Reasons why we create new MP rules and monitors:

  1. To generate new monitoring that was not provided in the vendor packs
  2. To replace a vendor developed conditions that lacked sufficient overrides
  3. To setup a scheduled script, gather reporting data, or an administrative auto action
  4. To gather data for possible future alerting solution

Reasons why we recreate MP rules and monitors:

  1. To expose settings not available in the sealed overrides
  2. To replace poorly worded alert messages names or descriptions
  3. To add a repeat count, recovery, or other method to reduce alerts or to reduce frequency
  4. To consolidate multiple alerts for the same issue
  5. To consolidate alerts with the same troubleshooting steps
  6. To reduce alerts during maintenance, software updates, backups, network outages, and other factors
  7. To convert a rule to a monitor or vice versa to access available functionality

Reasons why we “disable” conditions ( or make alerts informational):

  1. We disable all warning or critical level alerts that are informational or successful in nature (reserving alerts for things that are broken)
  2. We disable application monitoring that duplicates base server monitoring (hardware, OS, custom)
  3. We disable all monitoring that doesn’t relate to actionable troubleshooting steps (if we can’t fix it we don’t want to see it)
  4. We disable a lot of external dependency monitoring.
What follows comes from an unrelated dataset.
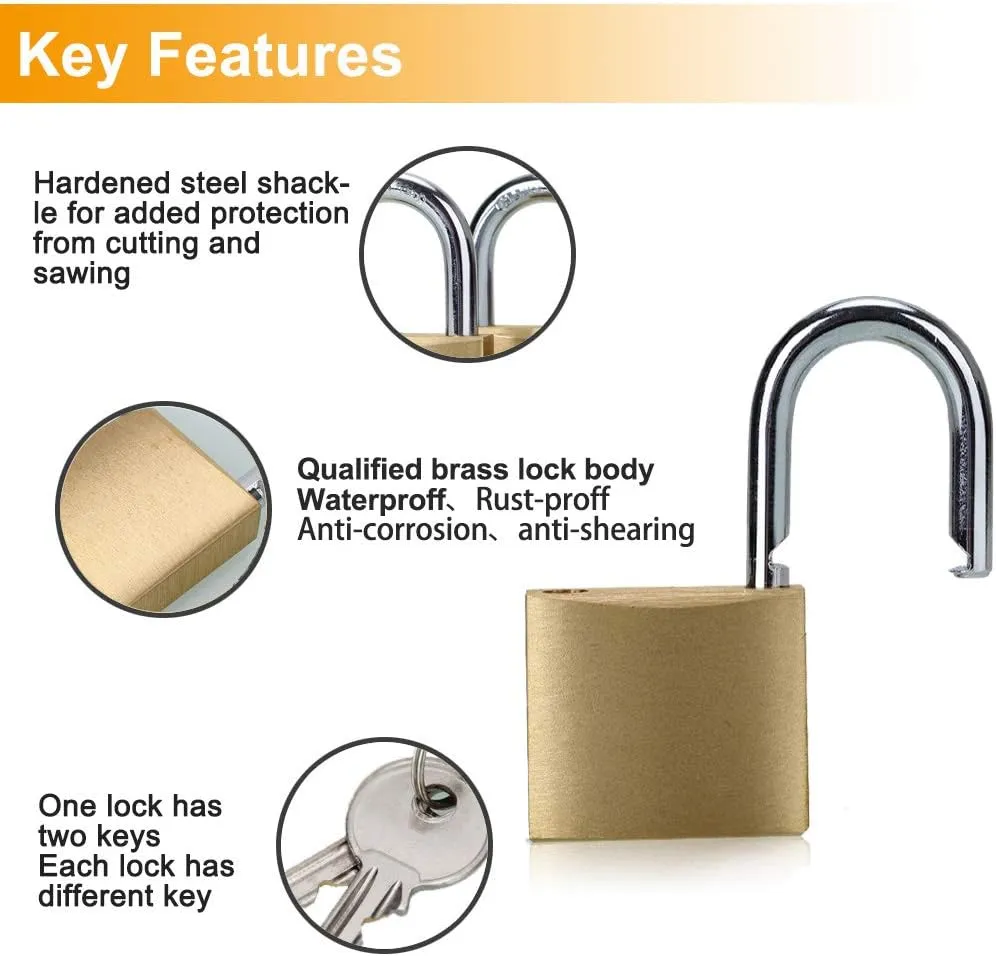 ABRAFOX Lock Solid Brass Keyed Different Padlock-（1-9/16 inch 40mm 2pack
For example, Exchange alerts on AD availability that duplicates monitoring from the AD MP)
  5. We disable any problematic alerting conditions that do not work properly (identified by experience or community feedback)
  6. We disable any alerts that are determined not to be a real issue in our environment; or any environment. (For example, important sounding alerts that cannot be linked to a problem requiring intervention)

Reason why we implement overrides:

  1. To modify the priority or severity to meet our alerting needs
  2. To disable or enable rules, monitors, or discoveries (for effect or replacement)
  3. To modify thresholds and other setting on rules, monitors, or discoveries
  4. To limit alering activity to a specific group of objects (or exclude)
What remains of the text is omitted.